■ WHAT YOU HAVE TO DO ■
All records must be quoted exactly. Omit the pictures.
INPUT START
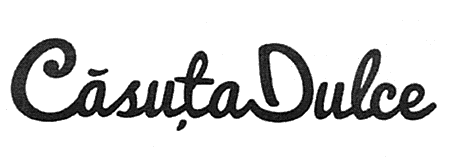 CăsuţaDulce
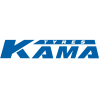 Kama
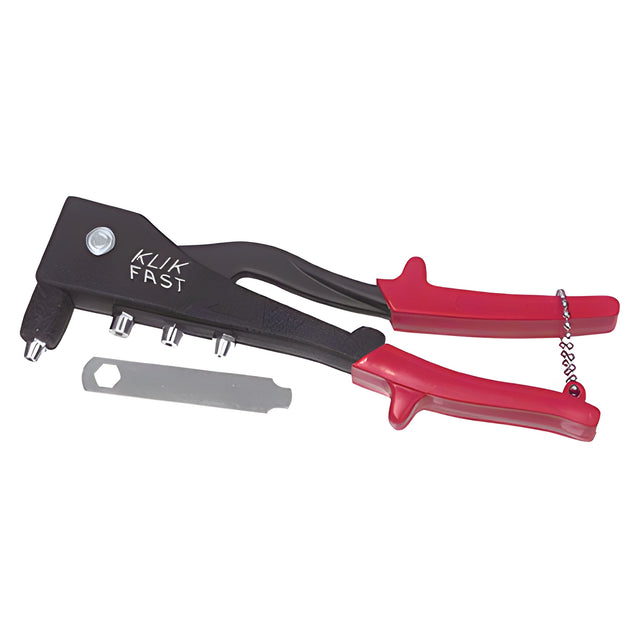 CRL Marson® Heavy-Duty Rivet Gun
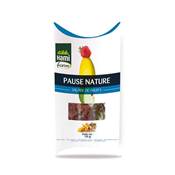 HAMIFORM Pause Nature – salade de fruits – 120 gr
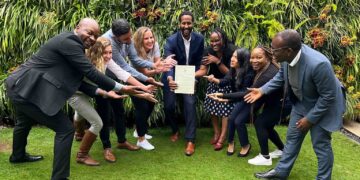 Nigeria’s Paystack Receives PSP License From Kenya’s Apex Bank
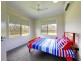 11 Bell Gum  Pl, Mount Low QLD 4818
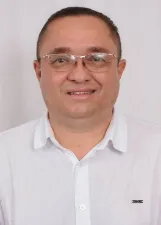 MÁRIO SIQUEIRA SILVA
INPUT END
■ RESPONSE FOR THIS EXERCISE ■
 CăsuţaDulce
 Kama
 CRL Marson® Heavy-Duty Rivet Gun
 HAMIFORM Pause Nature – salade de fruits – 120 gr
 Nigeria’s Paystack Receives PSP License From Kenya’s Apex Bank
 11 Bell Gum  Pl, Mount Low QLD 4818
 MÁRIO SIQUEIRA SILVA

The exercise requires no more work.